- TASK PROMPT -
Repeat all of the records exactly, leaving out the pictures.

▼

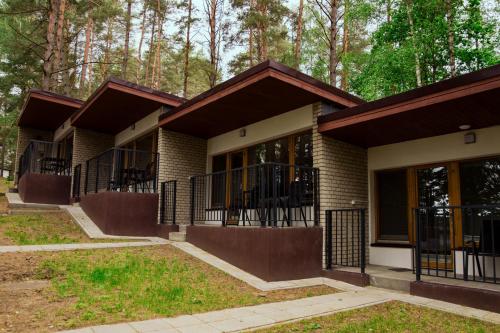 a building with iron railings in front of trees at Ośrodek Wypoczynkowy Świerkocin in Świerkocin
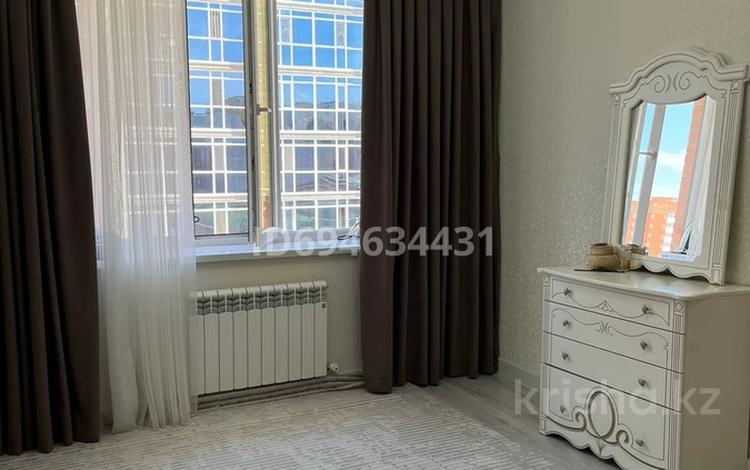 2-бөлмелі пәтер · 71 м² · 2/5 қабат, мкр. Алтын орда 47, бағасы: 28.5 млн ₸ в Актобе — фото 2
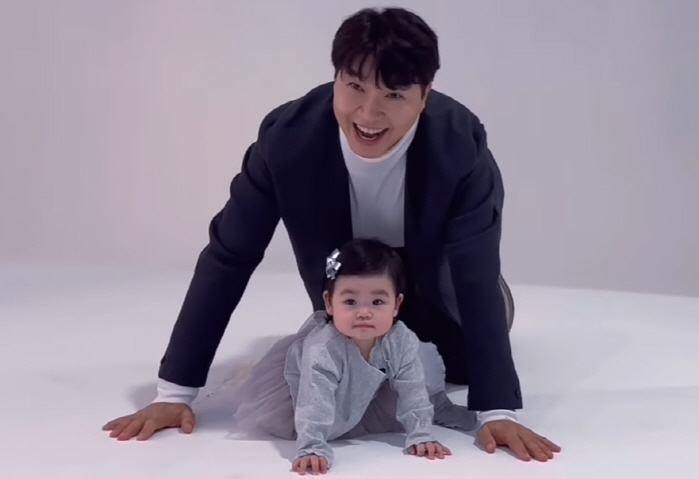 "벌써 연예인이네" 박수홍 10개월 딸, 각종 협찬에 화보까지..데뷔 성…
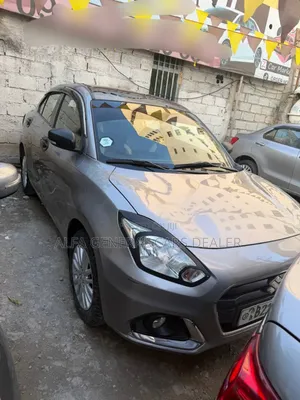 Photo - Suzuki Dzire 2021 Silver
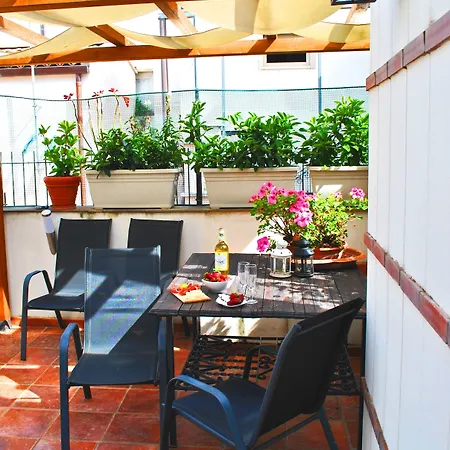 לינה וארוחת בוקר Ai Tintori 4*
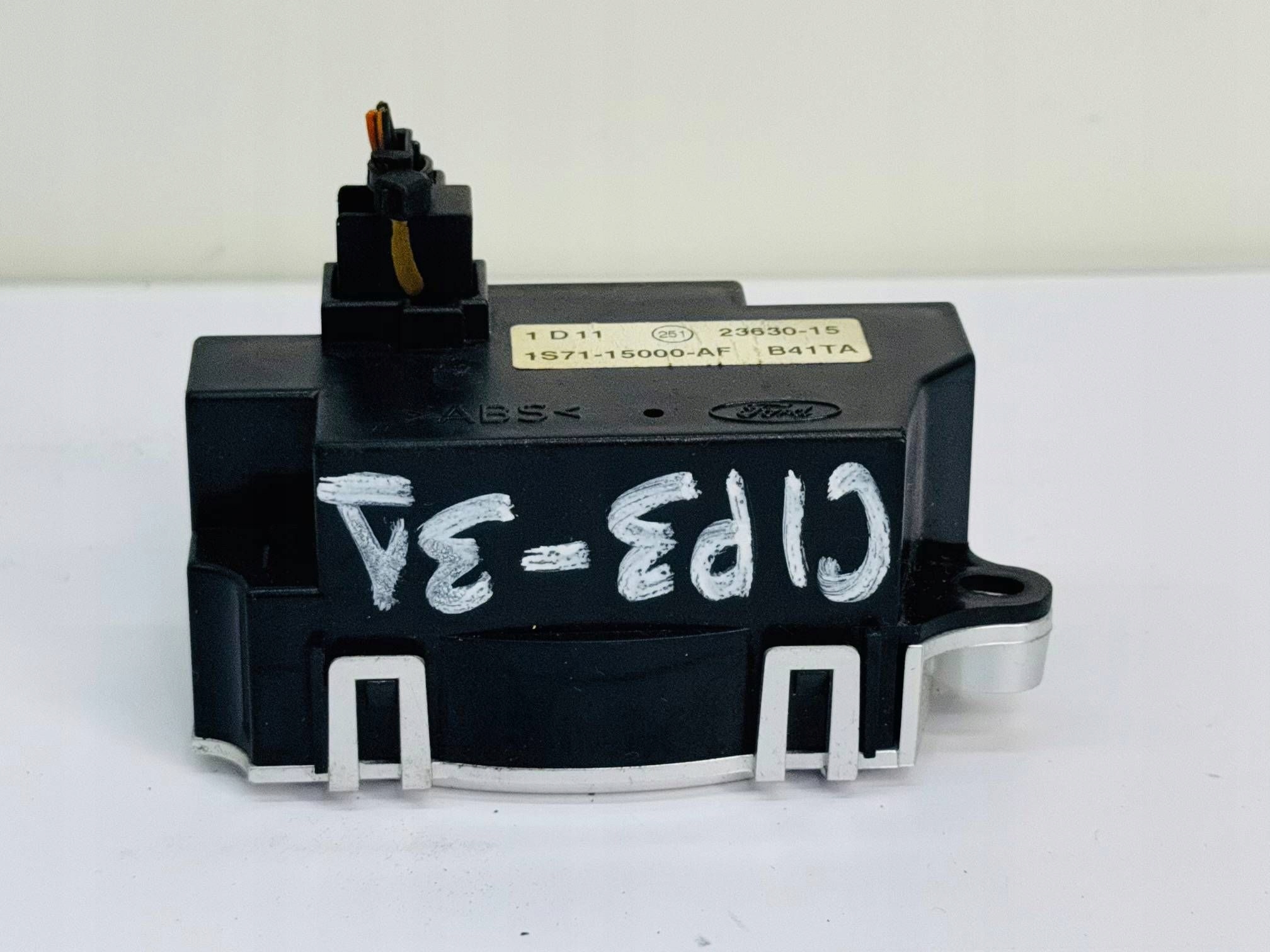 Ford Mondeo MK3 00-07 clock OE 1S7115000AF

▲

- RESULT FOR THIS TASK -
 a building with iron railings in front of trees at Ośrodek Wypoczynkowy Świerkocin in Świerkocin
 2-бөлмелі пәтер · 71 м² · 2/5 қабат, мкр. Алтын орда 47, бағасы: 28.5 млн ₸ в Актобе — фото 2
 "벌써 연예인이네" 박수홍 10개월 딸, 각종 협찬에 화보까지..데뷔 성…
 Photo - Suzuki Dzire 2021 Silver
 לינה וארוחת בוקר Ai Tintori 4*
 Ford Mondeo MK3 00-07 clock OE 1S7115000AF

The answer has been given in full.